One of the asylum seekers whom the Home Office tried to send to Rwanda in June 2022 told The Independent he was “so happy” at the news that the deportation plans had failed. He called on Mr Sunak’s government to process his asylum claim, and those of other migrants who he said are “living in limbo” waiting for their decisions.
Mr Sunak’s dramatic announcement on emergency legislation came hours after his predecessor Boris Johnson waded into the row, also calling for parliament to legally deem Rwanda a safe country in order to force through the deportation scheme.
The former prime minister shared an article from June in which he had argued for “radical action” to “get Rwanda done”.

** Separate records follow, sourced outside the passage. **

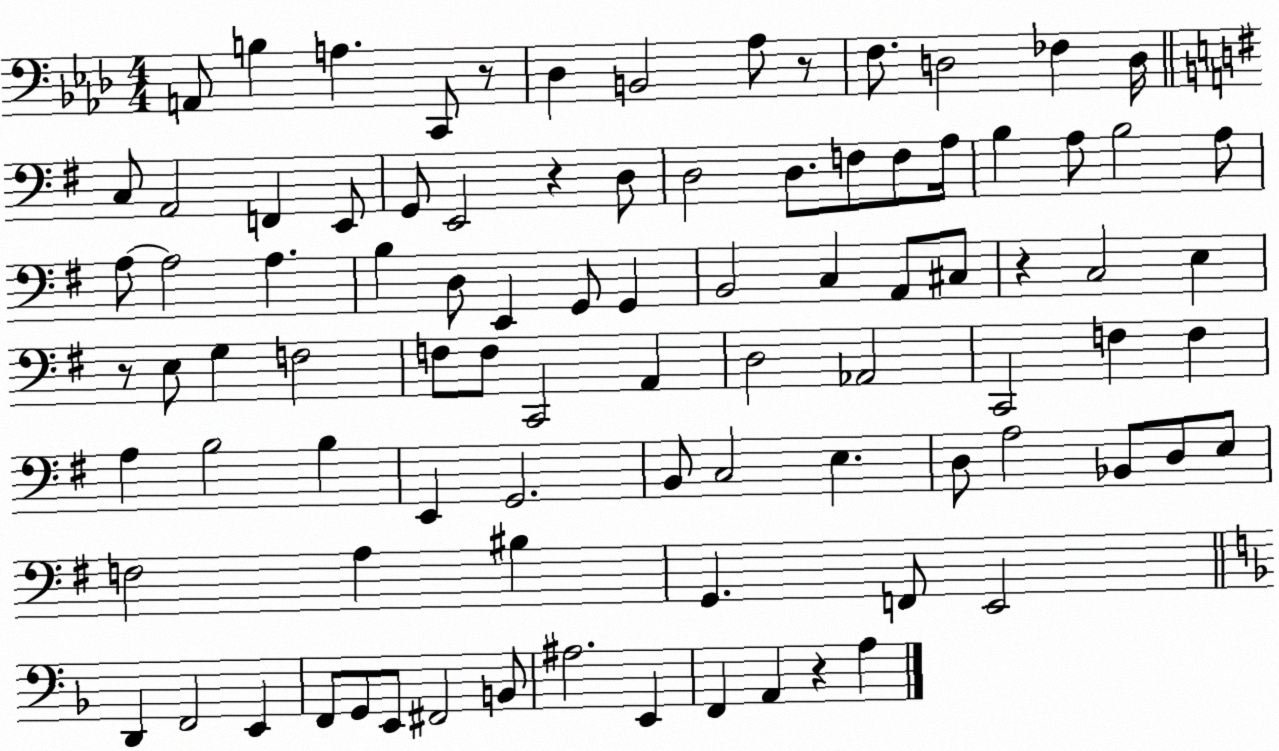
X:1
T:Untitled
M:4/4
L:1/4
K:Ab
A,,/2 B, A, C,,/2 z/2 _D, B,,2 _A,/2 z/2 F,/2 D,2 _F, D,/4 C,/2 A,,2 F,, E,,/2 G,,/2 E,,2 z D,/2 D,2 D,/2 F,/2 F,/2 A,/4 B, A,/2 B,2 A,/2 A,/2 A,2 A, B, D,/2 E,, G,,/2 G,, B,,2 C, A,,/2 ^C,/2 z C,2 E, z/2 E,/2 G, F,2 F,/2 F,/2 C,,2 A,, D,2 _A,,2 C,,2 F, F, A, B,2 B, E,, G,,2 B,,/2 C,2 E, D,/2 A,2 _B,,/2 D,/2 E,/2 F,2 A, ^B, G,, F,,/2 E,,2 D,, F,,2 E,, F,,/2 G,,/2 E,,/2 ^F,,2 B,,/2 ^A,2 E,, F,, A,, z A,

The Daily Mail columnist wrote in his article: “As the judgment points out, the government has the power, under Schedule 3 of the Asylum and Immigration Act 2004, to ask parliament to deem Rwanda a safe country. That has not so far been done and it should now be done – immediately.”
Writing on X, formerly Twitter, after the ruling, Mr Johnson said: “If you want to know what the government of 2019 -2022 would have done, here is your answer. It’s the only way.”
Labour leader Sir Keir Starmer demanded an apology from Mr Sunak for wasting millions of pounds of taxpayers’ cash on the “ridiculous, pathetic spectacle”.
Supreme Court president Lord Reed ruled that there was a risk of Rwanda returning genuine asylum seekers to face “ill treatment” in the countries they had fled.
He also made clear that the European Convention on Human Rights was not the only international treaty relevant to the court’s decision, which had also taken into account domestic law.